# The cars I did not buy



## 1scalevolvo (Feb 5, 2004)

THis all happened in the '70's

1.Brown AFX Nomad 

2. Atlas Bodies in a hobby shops cheap remainder box.

a. Atlas '32 Ford p/u

b. Atlas Olds coupe

c.I did buy the Atlas olds convertible & then Customized/stripped it.Oh well !  


Neal :dude:


----------



## Montoya1 (May 14, 2004)

100 Chapparel bodied #19 Benettons, 100 Chapparel bodied yellow Lotus F1s.

200 cars for $75.


----------



## Bill Hall (Jan 6, 2007)

Lmao Neal and Dean!

A true confessions thread for those with strong stomachs. The list that I passed on is too great to list.

However I will say that I killed waaaaay too many t-jets in my youth.
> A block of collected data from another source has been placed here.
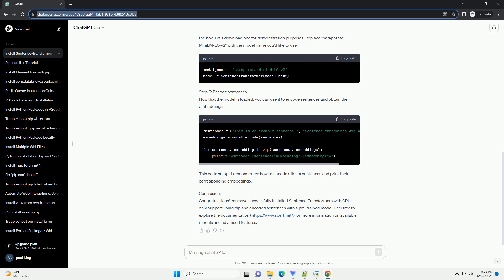Conclusion: Congratulations! You have successfully installed sentence transformers with CPU-only support using PIP and encoded sentences with a pre-trained model. Feel free to explore the documentation for more information on available models and advanced features.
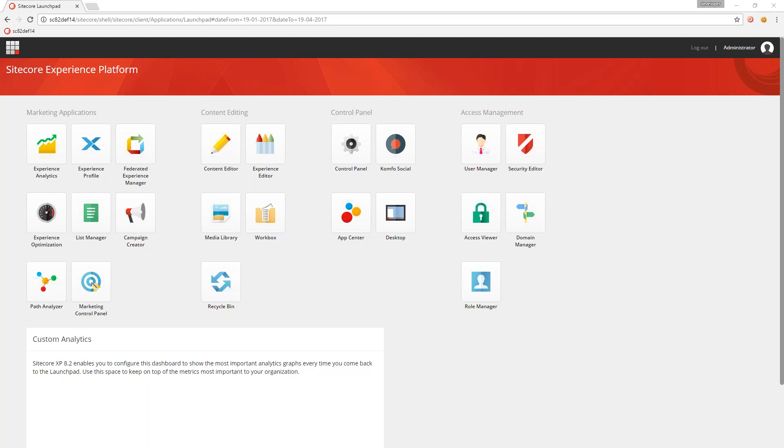So DXF would be Data Experience Framework, which I guess we could have named it, but we didn't. We named it Data Exchange Framework, so DEF is the abbreviation.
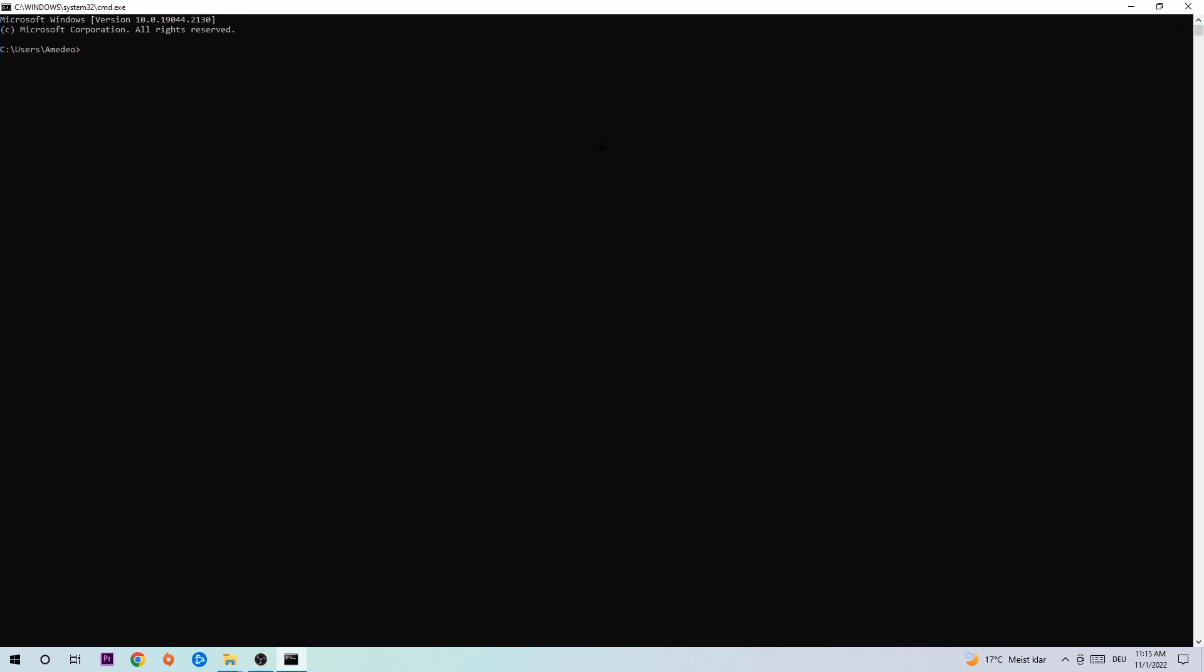I want you to type in ipconfig space /flushdns and hit Enter. Once it's successfully flushed, as you can see, you should be able to end this task.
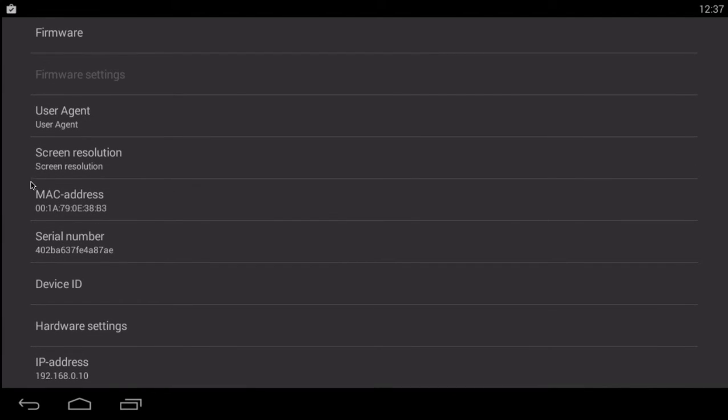MAC address. Very important. Write down your MAC address. Take a screenshot. Do whatever you want. You will need to send the MAC address to the seller. They need that to create an account for you guys.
Especially the Fairlanes, Galaxies and Falcons that are bringing hard coin these dayz....Ouch!


----------



## sethndaddy (Dec 4, 2004)

I remember passing up on the carded white flowered tjet vw bug in 1991, cuz I thought it looked *****. and the hobby shop had a good handful of them too. I bought up the white/blue #5 amx amc for $6.00 and painted and destroyed most of them.


----------



## grungerockjeepe (Jan 8, 2007)

Montoya1 said:


> 200 cars for $75.



WHAT?!?!?! I dont care if its your last $75 and you need a new liver, that deal is too good to pass up.


----------



## 1scalevolvo (Feb 5, 2004)

:wave: Any musicians here ? This would make a great song ! LMAO !


Neal :dude:


----------



## ParkRNDL (Mar 20, 2002)

a Tyco Petty Roadrunner, I think it was the one in the set with the Coca-Cola Malibu... it was missing the windows, the guy wanted like 25 bucks...

--rick


----------



## Montoya1 (May 14, 2004)

grungerockjeepe said:


> WHAT?!?!?! I dont care if its your last $75 and you need a new liver, that deal is too good to pass up.


It was probably closer to $100 but even so. Once we had tracked down the value (I remember the #19s being valued at $20 each somewhere) we went back but the guy had sold them.

All he had was 500 translucent corvette things for $100. We passed on those too.


----------



## grungerockjeepe (Jan 8, 2007)

A while back I got beat out for a fully chromed tyco CJ body, which ended up selling for about $100. Dont really know if it was from the factory, or if he had a bunch of test shots chromed himself but it woulda looked cool in my collection.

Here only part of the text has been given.